Stored items:
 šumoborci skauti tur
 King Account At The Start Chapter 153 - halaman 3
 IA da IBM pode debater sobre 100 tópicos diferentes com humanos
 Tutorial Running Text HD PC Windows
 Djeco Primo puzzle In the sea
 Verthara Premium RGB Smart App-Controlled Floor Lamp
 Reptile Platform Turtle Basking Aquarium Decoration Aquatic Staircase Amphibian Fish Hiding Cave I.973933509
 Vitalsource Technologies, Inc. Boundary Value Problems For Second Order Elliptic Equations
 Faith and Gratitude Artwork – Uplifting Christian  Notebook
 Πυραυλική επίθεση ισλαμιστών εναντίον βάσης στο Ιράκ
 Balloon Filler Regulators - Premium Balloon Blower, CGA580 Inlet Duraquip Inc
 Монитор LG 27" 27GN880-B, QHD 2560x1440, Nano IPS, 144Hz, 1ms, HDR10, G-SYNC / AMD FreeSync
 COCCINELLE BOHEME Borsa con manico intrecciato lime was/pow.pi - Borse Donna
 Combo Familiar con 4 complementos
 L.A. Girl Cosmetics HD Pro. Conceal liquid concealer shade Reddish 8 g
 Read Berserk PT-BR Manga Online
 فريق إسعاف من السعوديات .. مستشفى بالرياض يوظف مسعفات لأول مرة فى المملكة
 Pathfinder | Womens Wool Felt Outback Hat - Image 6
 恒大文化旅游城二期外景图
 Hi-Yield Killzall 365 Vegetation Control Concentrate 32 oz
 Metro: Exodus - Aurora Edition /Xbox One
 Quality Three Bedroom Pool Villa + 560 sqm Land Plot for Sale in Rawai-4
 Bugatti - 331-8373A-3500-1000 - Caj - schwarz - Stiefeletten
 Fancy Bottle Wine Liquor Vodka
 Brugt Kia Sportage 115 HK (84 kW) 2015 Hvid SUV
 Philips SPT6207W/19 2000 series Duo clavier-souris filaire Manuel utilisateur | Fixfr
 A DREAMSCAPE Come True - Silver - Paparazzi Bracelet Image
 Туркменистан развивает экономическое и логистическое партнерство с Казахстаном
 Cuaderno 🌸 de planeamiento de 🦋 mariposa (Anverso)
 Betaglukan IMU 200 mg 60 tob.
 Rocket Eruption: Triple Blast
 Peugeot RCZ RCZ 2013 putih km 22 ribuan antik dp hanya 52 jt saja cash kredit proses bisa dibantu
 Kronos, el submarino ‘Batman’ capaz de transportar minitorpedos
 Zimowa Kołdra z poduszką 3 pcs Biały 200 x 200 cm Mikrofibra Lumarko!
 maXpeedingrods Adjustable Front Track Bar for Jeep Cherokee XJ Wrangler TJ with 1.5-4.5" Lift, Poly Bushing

Problem requirements: All of the data above is to be transcribed without alteration.

Result below:
 šumoborci skauti tur
 King Account At The Start Chapter 153 - halaman 3
 IA da IBM pode debater sobre 100 tópicos diferentes com humanos
 Tutorial Running Text HD PC Windows
 Djeco Primo puzzle In the sea
 Verthara Premium RGB Smart App-Controlled Floor Lamp
 Reptile Platform Turtle Basking Aquarium Decoration Aquatic Staircase Amphibian Fish Hiding Cave I.973933509
 Vitalsource Technologies, Inc. Boundary Value Problems For Second Order Elliptic Equations
 Faith and Gratitude Artwork – Uplifting Christian  Notebook
 Πυραυλική επίθεση ισλαμιστών εναντίον βάσης στο Ιράκ
 Balloon Filler Regulators - Premium Balloon Blower, CGA580 Inlet Duraquip Inc
 Монитор LG 27" 27GN880-B, QHD 2560x1440, Nano IPS, 144Hz, 1ms, HDR10, G-SYNC / AMD FreeSync
 COCCINELLE BOHEME Borsa con manico intrecciato lime was/pow.pi - Borse Donna
 Combo Familiar con 4 complementos
 L.A. Girl Cosmetics HD Pro. Conceal liquid concealer shade Reddish 8 g
 Read Berserk PT-BR Manga Online
 فريق إسعاف من السعوديات .. مستشفى بالرياض يوظف مسعفات لأول مرة فى المملكة
 Pathfinder | Womens Wool Felt Outback Hat - Image 6
 恒大文化旅游城二期外景图
 Hi-Yield Killzall 365 Vegetation Control Concentrate 32 oz
 Metro: Exodus - Aurora Edition /Xbox One
 Quality Three Bedroom Pool Villa + 560 sqm Land Plot for Sale in Rawai-4
 Bugatti - 331-8373A-3500-1000 - Caj - schwarz - Stiefeletten
 Fancy Bottle Wine Liquor Vodka
 Brugt Kia Sportage 115 HK (84 kW) 2015 Hvid SUV
 Philips SPT6207W/19 2000 series Duo clavier-souris filaire Manuel utilisateur | Fixfr
 A DREAMSCAPE Come True - Silver - Paparazzi Bracelet Image
 Туркменистан развивает экономическое и логистическое партнерство с Казахстаном
 Cuaderno 🌸 de planeamiento de 🦋 mariposa (Anverso)
 Betaglukan IMU 200 mg 60 tob.
 Rocket Eruption: Triple Blast
 Peugeot RCZ RCZ 2013 putih km 22 ribuan antik dp hanya 52 jt saja cash kredit proses bisa dibantu
 Kronos, el submarino ‘Batman’ capaz de transportar minitorpedos
 Zimowa Kołdra z poduszką 3 pcs Biały 200 x 200 cm Mikrofibra Lumarko!
 maXpeedingrods Adjustable Front Track Bar for Jeep Cherokee XJ Wrangler TJ with 1.5-4.5" Lift, Poly Bushing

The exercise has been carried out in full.